With windows of this kind allowing a ‘fair prospect’ it is likely that the upper room was used as a belvedere or outlook, probably to watch the hunt taking place in the old deer park on the hill opposite. On its other side the gatehouse would have opened into a forecourt or courtyard and there is evidence that the gatehouse was at least roughly aligned on the porch in the main front of the old house. The existing flanking walls probably incorporate earlier and lower walls that would have enclosed this forecourt. The entrance to the rooms over the gate arch would have been by outside steps.
After the building activity at Shute in the 15th and 16th centuries little more was done for two hundred years and it is likely that for most of the 18th century the house saw only the minimum of maintenance. With Shute by this time probably dilapidated, John William Pole, who had inherited Shute as a three-year old orphan, set about building a new Shute House on an entirely new site in the light and restrained style of Robert Adam. He preserved the old gatehouse as an interesting entrance to his newly landscaped park with the drive passing through it and on up to his modern mansion on the hill. Unfortunately the greater part of the old Bonville house blocked the intended route and so this was demolished, leaving only what might have been the medieval high end as adapted in the Tudor period. Round the gatehouse itself the ground was made to run up to parapet height on refashioned screen walls.
What is not known is whether the gatehouse was lived in as well as the side lodges. Records come only with the first full census return of 1841, which lists two households under ‘Lodge’ and ‘Lodge Wing’. This, and later census returns show the buildings to be occupied by a variety of families, probably employed on the farm or estate, involved in various trades such as agricultural labourers, carpenters, gardeners and a dairyman. By 1871, one occupier was Job Adams, a bailiff or farm manager, either for the Shute estate or the tenant of Shute Barton.
The final stages
During the 1870’s the two side lodges were taken down and replaced by the existing pavilions, which echo the Elizabethan architecture of the gatehouse itself. A carpenter’s shop which had been on the site also disappeared in the general tidying up. In 1926 the Shute estate was inherited by Sir John Carew-Pole. He lived at Antony in Cornwall and so not not needed as a home Shute House became a girls’ school in 1933. Shute Barton continued as a tenant farm until, after being empty for some time, Sir John repaired it and gave it to the National Trust in 1959.
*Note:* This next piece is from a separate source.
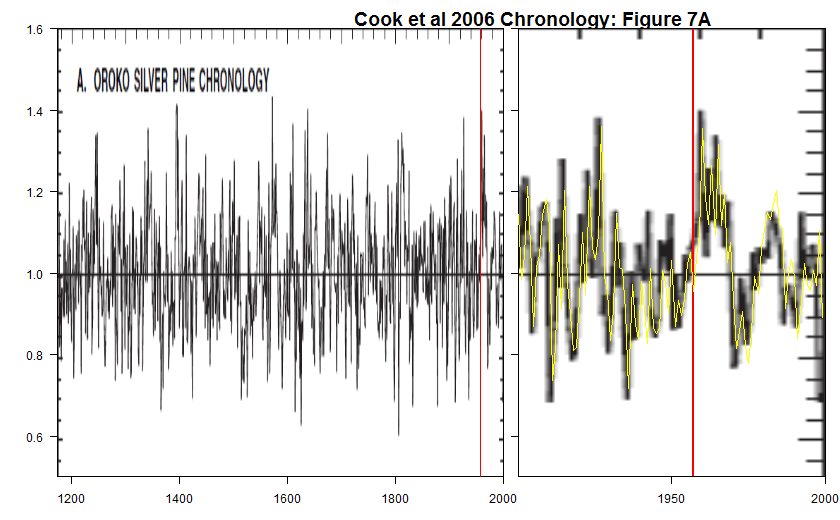 oroko_cook_2006_fig7_annotated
The last people to live in the gatehouse were the Newbys. Mr Newby was a caretaker to the school, and his wife Mary, the daughter of a former agent for the Shute estate, continued to live on in the gatehouse after her husband’s death, without running water or electricity, until about 1958 when ill-health forced her to move out. It remained empty from then until 1981, with the arrival of the first Landmark clients.